Pompeo will hold talks with senior Chinese foreign policy official Yang Jiechi, The South China Morning Post said, quoting an unnamed source.

Politico and CNN also reported on plans for the meeting. CNN said it would take place at Hickam Air Force Base next to Pearl Harbor.

The State Department did not comment on the reports.

Chinese foreign ministry spokesman Zhao Lijian said that “more information will be given when available,” saying only that the two countries were “maintaining communications via diplomatic channels,” according to the state-run Global Times.

It will be the most senior in-person meeting between the two nations since January when Vice Premier Liu He met President Donald Trump at the White House to sign the first phase of a deal aimed at ending soaring trade tensions.

But friction has sharply intensified since then as the Trump administration, with Pompeo leading the charge, seeks to blame China for COVID-19.

Trump, under fire at home over his response to the pandemic, has pointed to China’s early suppression of news of the virus when it emerged in the metropolis of Wuhan.

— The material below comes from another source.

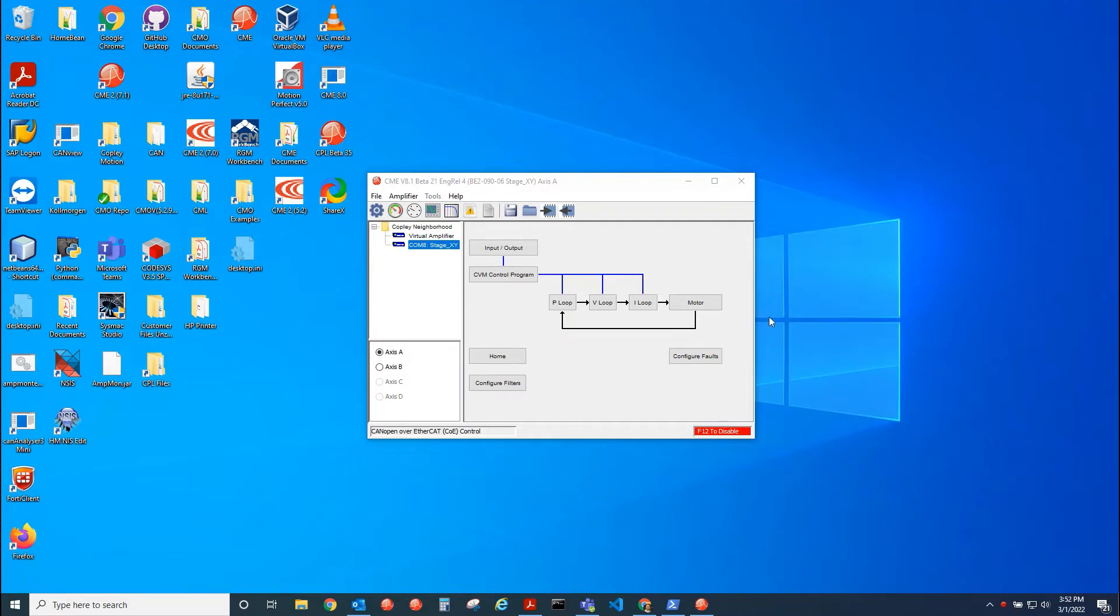Hi, this is Anthony with Copley. Today I'll be showing how to connect to CME2 over UDP.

Pompeo has sought to popularize a theory, discounted by most mainstream scientists, that the virus came from a laboratory in Wuhan — not a market that butchered exotic animals, as widely believed.

While Trump has described Chinese President Xi Jinping in friendly terms, his administration has increasingly cast the Asian power as an enemy, with candidates from his Republican Party running advertisements harshly critical of Beijing ahead of November elections.

The Trump administration has also taken measures in response to China’s push for a new security law in Hong Kong, where pro-democracy activists fear an erosion of the financial hub’s guaranteed freedoms.

And Trump is expected soon to sign into a law an act, widely supported in Congress, that would lay out sanctions against Chinese officials over alleged abuses in the western region of Xinjiang.

Activists and witnesses say that at least one million Uighurs and other Turkic Muslims have been detained in a massive brainwashing campaign.

China says it is providing vocational training to discourage Islamic extremism.

China has recently hit back by criticizing the United States over racism and police brutality following widespread protests over the killing of George Floyd — including US police’s use of force to disperse a peaceful demonstration outside the White House.

Yang, a veteran force behind Chinese foreign policy, also held a quiet meeting in August, in New York, to discuss tensions.